The number of Americans who identify as Christian has fallen nearly eight percentage points in only seven years, according to a new survey.
Pew Research Center found that 71% of Americans identified as Christian in 2014 – down from 78% in 2007.
In the same period, Americans identifying as having no religion grew from 16% to 23%.
Fifty-six million Americans do not observe any religion, the second largest community after Evangelicals.
The United States still remains home to more Christians than any other nation, with roughly seven-in-ten continuing to identify with some branch of Christianity.
In 2007 and then again in 2014, Pew conducted the “Religious Landscape Study”, interviewing 35,000 people each time.
Pew researchers say the losses they discovered were driven mainly by a decrease among liberal Protestants and Catholics and occurred in all regions of the US and among all ages and demographics.
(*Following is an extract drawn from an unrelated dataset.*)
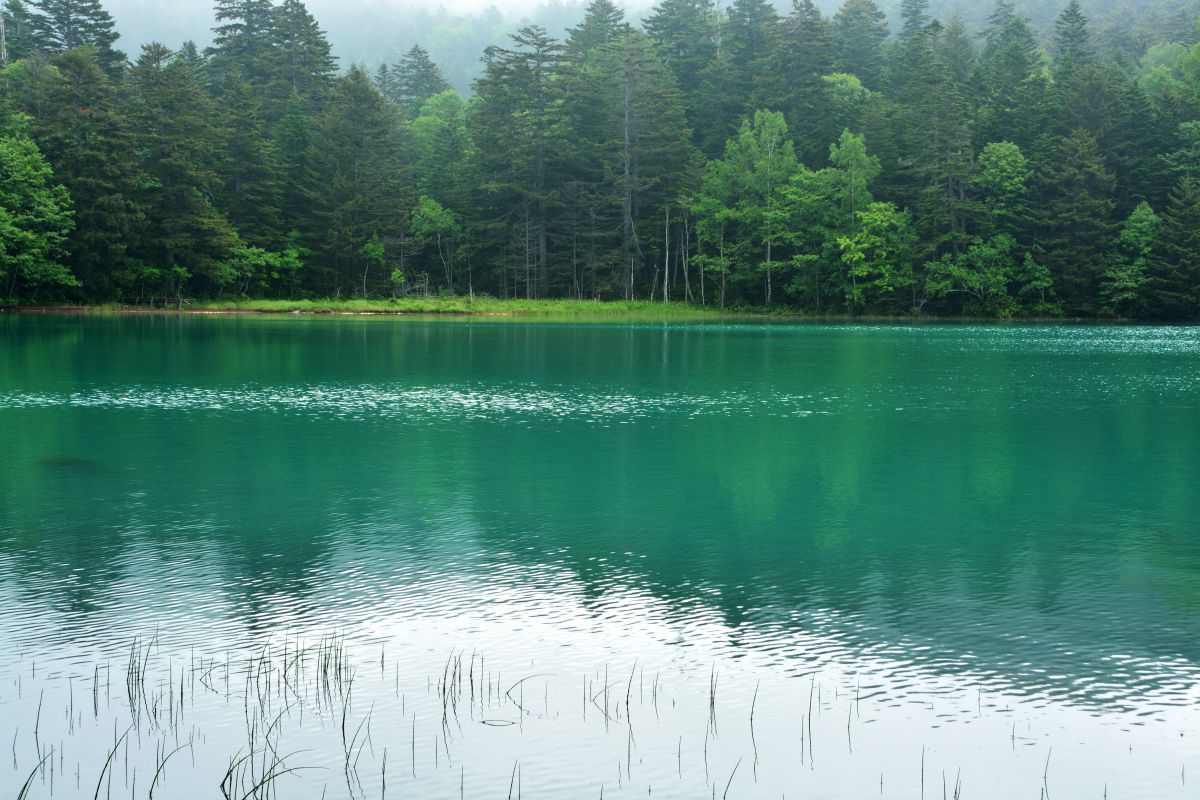 阿寒湖（北海道）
About 5 million fewer Americans now identify as Christian compared to when the study was conducted in 2007.
In the South, those not-affiliated with religion – or as the researchers call them, “nones” – rose to 19% of the population, while in the Northeast they climbed to 25%.
In the West “nones” are a larger group than any religion, making up 28% of the public.
Greg Smith, Pew’s associate research director, said the findings “point to substantive changes” among the religiously unaffiliated, not just a shift in how people describe themselves.
Non-religious Americans have become increasingly organised since 2007, forming political groups designed to keep religion out of public life.
Kelly Damerow with the Secular Coalition for America tells BBC News that the Pew findings “lend credence to the growth we’ve witnessed within our community and that we have the potential to hold a lot of political clout”.